UK landlords need to be aware that more residential tenants are hiding the fact that they have pets despite this not being allowed as part of their tenancy agreement.
The boom in the rental market has led to a large number of former home owners with pets looking for accommodation and many prospective tenants find it difficult to find landlords that will accept pets in their properties.
The result has been a rise in the number of ‘undeclared’ pets living in rented accommodation, with the landlord or agent, often none the wiser, according to the Association of Independent Inventory Clerks (AIIC).
It has found that there are often tell tale signs of pet damage to property and landlords and agents need to be vigilant about regularly checking their properties for signs of pets.
Many tenants will work hard to hide any signs of pets in advance of a visit from a landlord and agent. So landlords and agents need to be vigilant in looking for evidence, the most obvious being pet hairs on sofas, chairs and on curtain linings, claw marks/scratches on doors and door frames, table legs and kitchen cupboards, fluffing or threadpulls on carpets, especially at door ways and yellow patches on the lawn.

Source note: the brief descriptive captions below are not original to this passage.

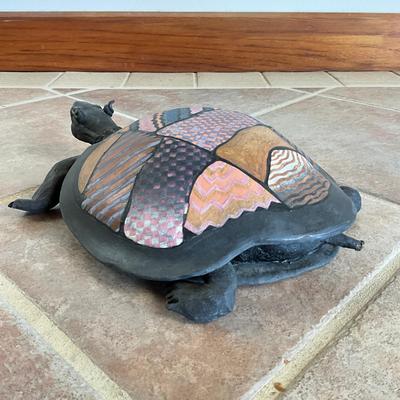Sale Photo Thumbnail #984: Covered Turtle , top lifts off 
Has broken toes, swirled horn and tail, see photos
Measures: 16" long x 10.5" wide x 4" high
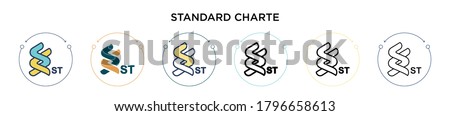 Standard chartered icon in filled, thin line, outline and stroke style. Vector illustration of two colored and black standard chartered vector icons designs can be used for mobile, ui, web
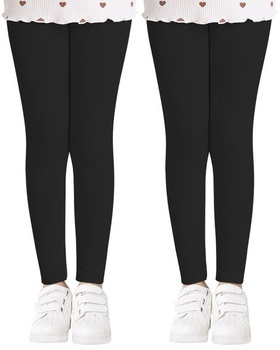 Adorel Stretch Legíny bavlněné kalhoty pro dívky Balení 2 ks černé 6-7 let (vel. výrobce 130)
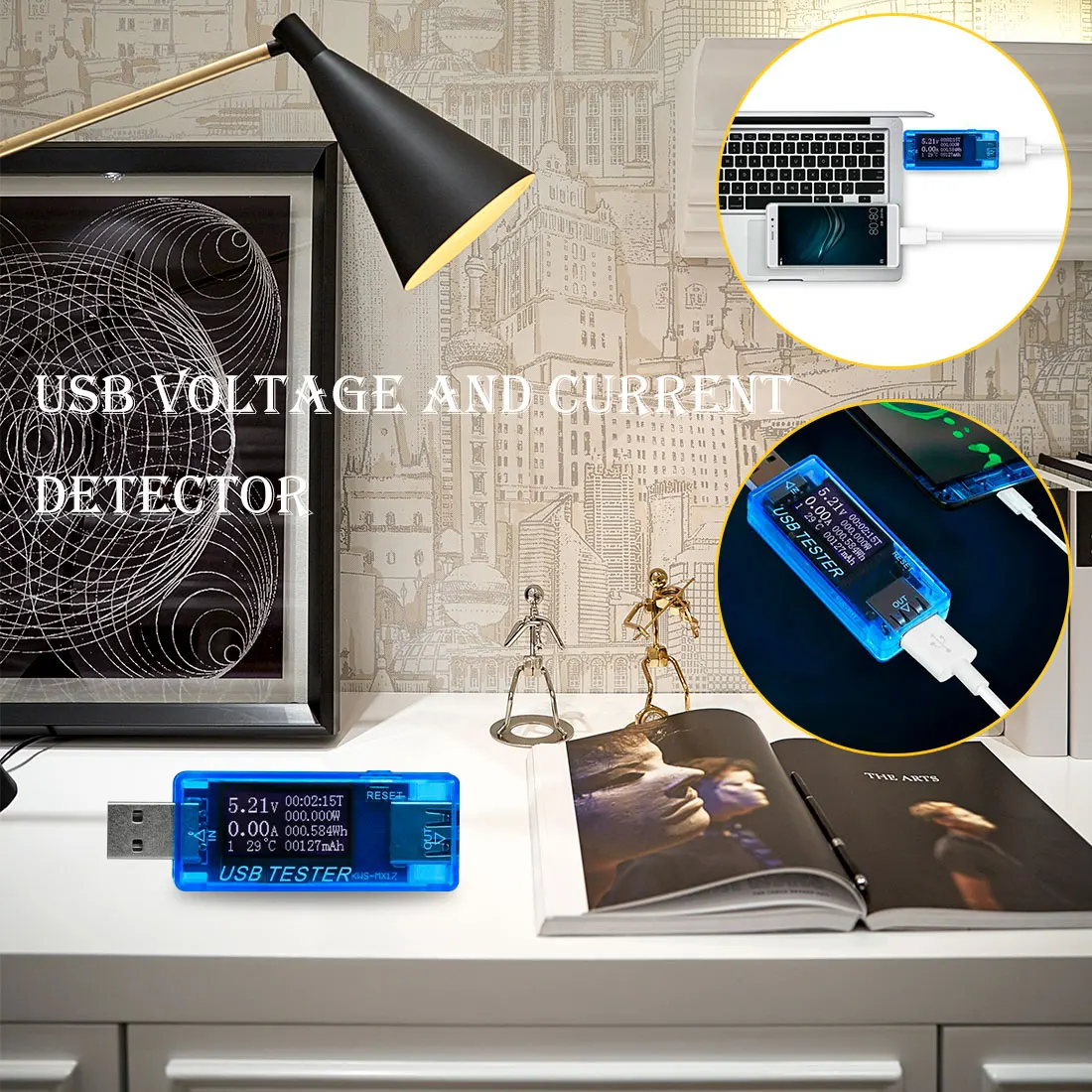 3 in 1 Mobile Power Detector Battery Test Voltage Current Meter Battery Tester Blue Measuring Instruments USB Charger Doctor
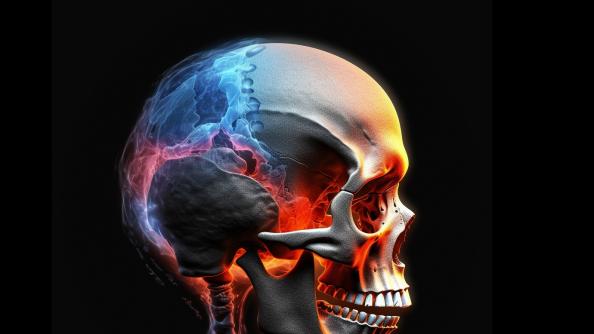 Generative AI illustration of a skull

‘We have seen all kinds of pet damage over the years, some amounting to very expensive repairs. More recently, we have seen a trend of outside pets becoming inside pets, especially rabbits,’ said Pat Barber, chair of the AIIC.
‘They can create expensive damage to cables, doors and frames and furniture from chewing. Many tenants will go to great lengths to conceal a pet from an agent or landlord as they are well aware they are breaking the terms of the tenancy agreement,’ she explained.
‘Cats seem to cause the most problem in a property because they love sharpening their claws on every surface. A recent check out concerned a flat with leather sofas. There were deep claw marks and pulls all around the base of both sofas, the back seams had been ripped open and cat hairs were matted under the seat cushions. The furniture was damaged well beyond repair and the tenant did not have permission to have a cat or any other pet in the flat. The result was that the tenant had to pay for two new sofas as they were both almost new at the start of the tenancy just six months previously,’ she explained.
‘Our advice to landlords and agents is to be vigilant about checking the inside and outside of properties for pet damage,’ she added.
The AIIC also advises agents and landlords to make regular visits to the property, so that they can check the property over for damage on both the inside and the outside. It says it is worth doing things like checking under sofa cushions as tenants often forget to vacuum there and to check under mats, tables and beds for pet stains.
Tell tale scratches can be found on furniture, doors, frames and kitchen cupboards. It is also worth looking for thread pulls and fluffing on carpets and rugs, especially in door ways and to check cable for damage from chewing, a favourite of pet rabbits.